++++ INPUT ++++

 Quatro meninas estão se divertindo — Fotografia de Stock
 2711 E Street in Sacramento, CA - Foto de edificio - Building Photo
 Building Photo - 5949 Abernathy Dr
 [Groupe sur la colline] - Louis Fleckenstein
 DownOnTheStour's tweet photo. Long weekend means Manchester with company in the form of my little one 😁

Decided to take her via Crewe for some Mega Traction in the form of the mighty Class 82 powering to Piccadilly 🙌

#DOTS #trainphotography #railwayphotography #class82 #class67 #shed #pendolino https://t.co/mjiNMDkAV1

++++
++++ INPUT ++++

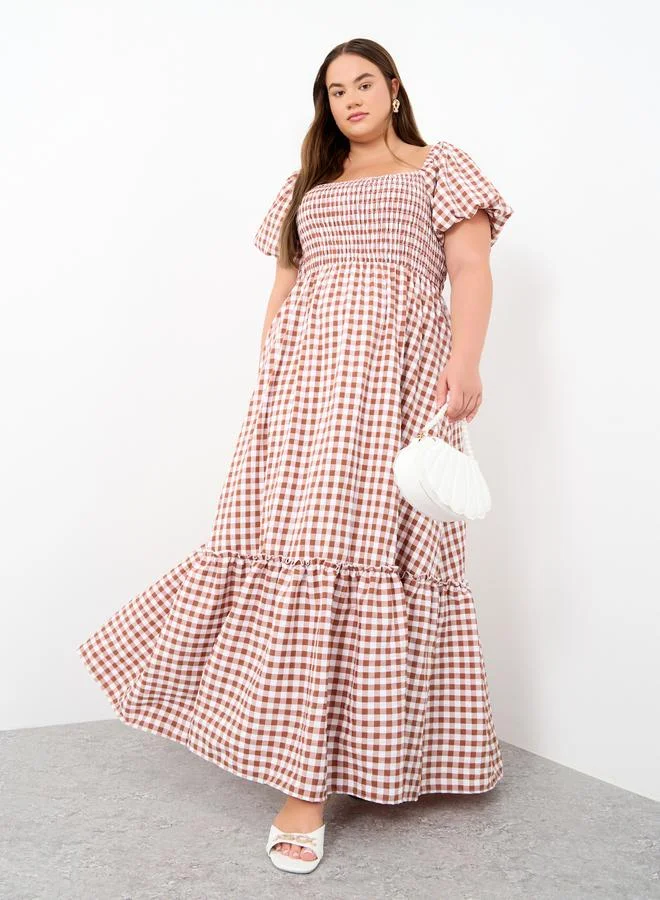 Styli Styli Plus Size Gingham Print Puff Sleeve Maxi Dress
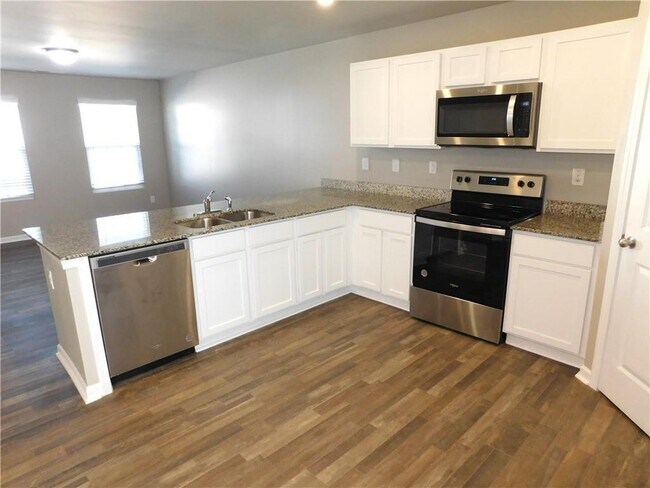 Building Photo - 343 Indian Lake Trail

++++

== EXERCISE DETAILS ==
Lines wanted from the listing above: the line with "Building Photo - 5949 Abernathy Dr" up to and including the line with "#DOTS #trainphotography #railwayphotography". Please write them out exactly, adding nothing else.

== ANSWER AREA ==
 Building Photo - 5949 Abernathy Dr
 [Groupe sur la colline] - Louis Fleckenstein
 DownOnTheStour's tweet photo. Long weekend means Manchester with company in the form of my little one 😁

Decided to take her via Crewe for some Mega Traction in the form of the mighty Class 82 powering to Piccadilly 🙌

#DOTS #trainphotography #railwayphotography #class82 #class67 #shed #pendolino https://t.co/mjiNMDkAV1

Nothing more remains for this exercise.